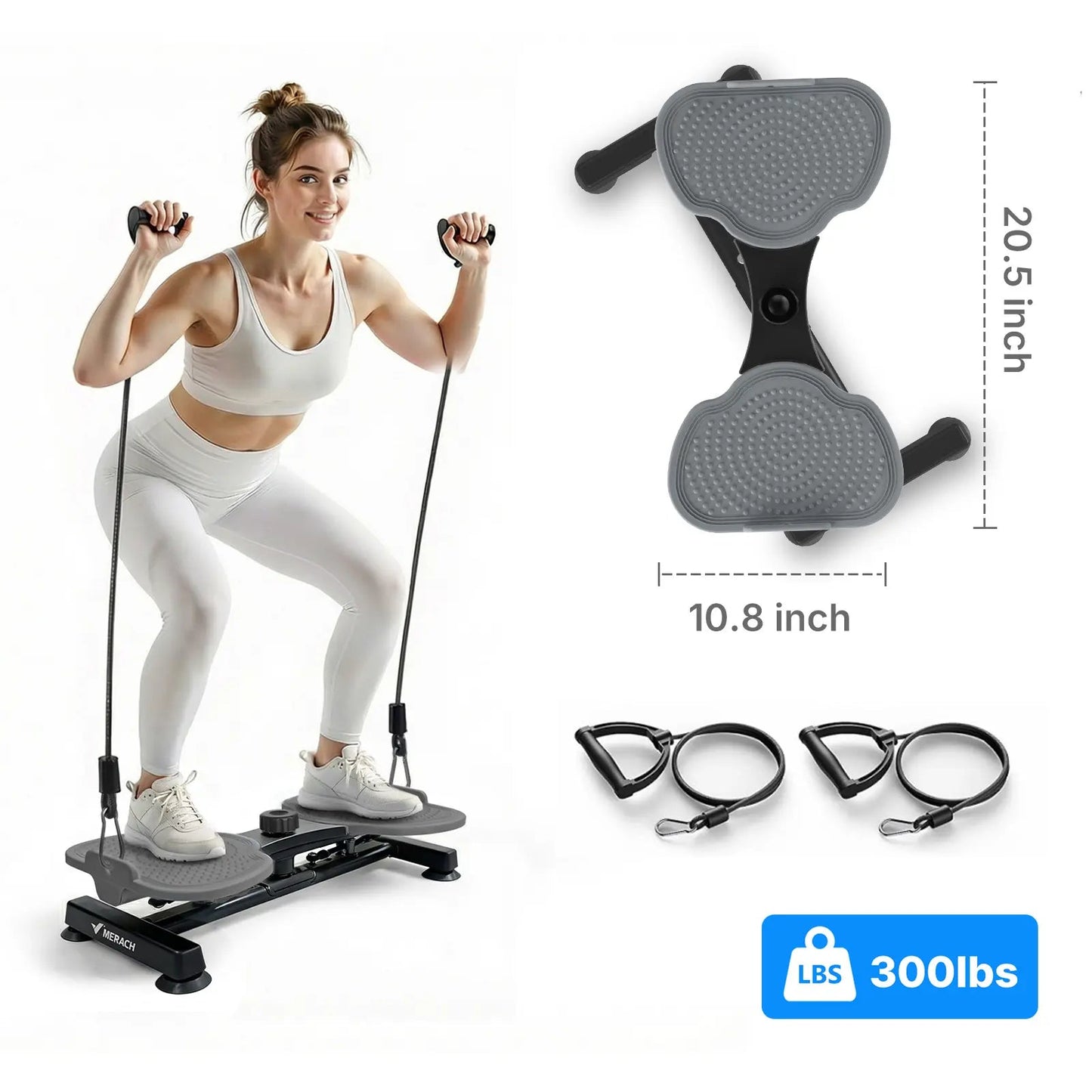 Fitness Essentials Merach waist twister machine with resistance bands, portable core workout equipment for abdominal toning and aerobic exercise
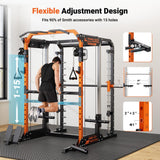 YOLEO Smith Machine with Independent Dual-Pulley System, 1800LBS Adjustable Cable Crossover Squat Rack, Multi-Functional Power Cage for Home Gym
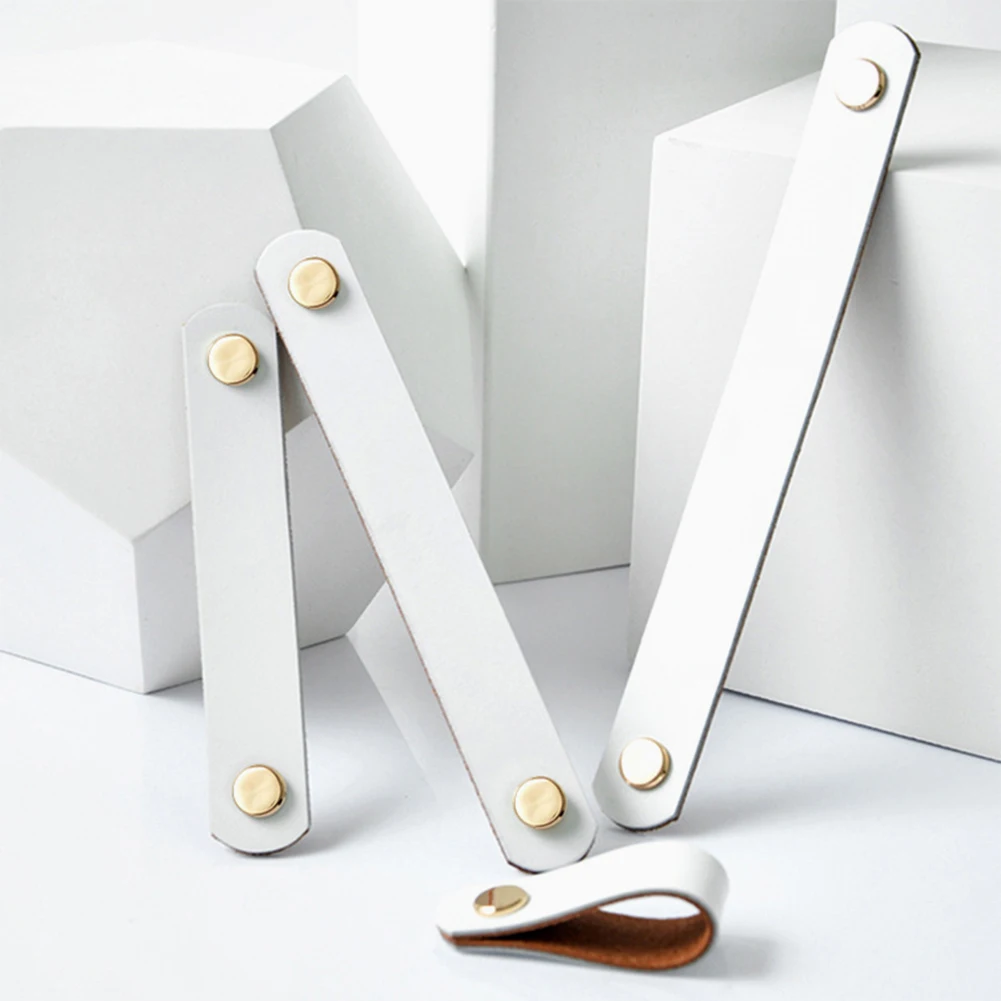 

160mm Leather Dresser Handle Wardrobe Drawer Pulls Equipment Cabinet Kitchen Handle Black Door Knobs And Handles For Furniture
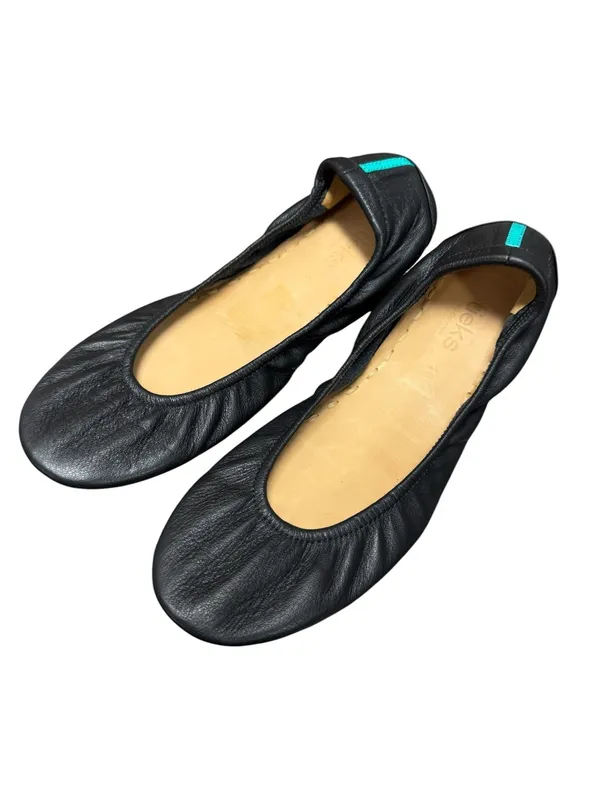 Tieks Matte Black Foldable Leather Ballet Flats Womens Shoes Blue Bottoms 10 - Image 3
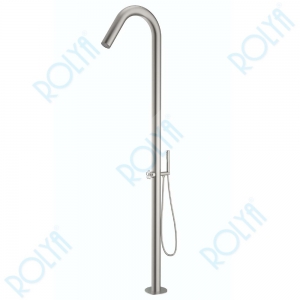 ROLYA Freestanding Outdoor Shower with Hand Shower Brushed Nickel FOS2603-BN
======
**EXERCISE OBJECTIVE**. With the pictures excluded, the records are to be reproduced exactly.

**ANSWER TO THE EXERCISE**.
 Fitness Essentials Merach waist twister machine with resistance bands, portable core workout equipment for abdominal toning and aerobic exercise
 YOLEO Smith Machine with Independent Dual-Pulley System, 1800LBS Adjustable Cable Crossover Squat Rack, Multi-Functional Power Cage for Home Gym

160mm Leather Dresser Handle Wardrobe Drawer Pulls Equipment Cabinet Kitchen Handle Black Door Knobs And Handles For Furniture
 Tieks Matte Black Foldable Leather Ballet Flats Womens Shoes Blue Bottoms 10 - Image 3
 ROLYA Freestanding Outdoor Shower with Hand Shower Brushed Nickel FOS2603-BN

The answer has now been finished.